Heft 876, Mai 2022

Rechtskolumne

Wie reformiert man ein kaputtes Gericht? von Florian Meinel

Wie reformiert man ein kaputtes Gericht?

Von Europa aus gesehen scheinen die Konfliktlinien der Auseinandersetzung um die Institution der Verfassungsgerichtsbarkeit häufig entlang der Front zwischen progressiven Richtern und Rechtspopulisten zu verlaufen.

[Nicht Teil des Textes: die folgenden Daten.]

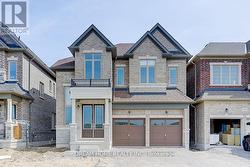 125 PRAIRIE ROSE DRIVE Richmond Hill, ON L4S 0M8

Beispielhaft ist dafür die Eskalation der Rechtsstaatskrise in Polen, die der Verfassungsblog jüngst in einem fünfteiligen Podcast mit großartiger Akribie aufgearbeitet hat.1 Beispielhaft sind auch die öffentliche Mobilisierung gegen den britischen Supreme Court im Brexit-Konflikt oder die regelmäßigen, wenn auch inzwischen etwas verebbten Empörungswellen gegen allzu integrationsfreundliche Entscheidungen des Europäischen Gerichtshofs. Eine Ausnahme bildet vor allem das deutsche Bundesverfassungsgericht, und zwar nicht nur, weil es aus vielen Gründen schlechter auf der politischen Skala zu verorten ist oder weil es politischen Anliegen und Themen des Rechtspopulismus zumindest keine ganz geringe Aufmerksamkeit schenkt.2 Versuche, von dieser Seite aus Stimmung gegen Karlsruhe zu machen, sind bisher weitgehend unterblieben und im Übrigen gescheitert.

Justizieller Extremismus

Dass die gegenwärtigen Konflikte um das »governing with judges«, wie es der amerikanische Verfassungsrechtler Alec Stone Sweet vor mehr als zwanzig Jahren genannt hat, tiefer reichen, zeigt nicht zuletzt der Vergleich mit dem amerikanischen Supreme Court, für den Präsident Biden mit Ketanji Brown Jackson im Februar zum ersten Mal in der Geschichte eine schwarze Frau als Richterin nominiert hat. Der Oberste Gerichtshof hat seit den 1970er Jahren eine weitgehend stabile Mehrheit aus von den Republikanern nominierten Richterinnen und Richtern.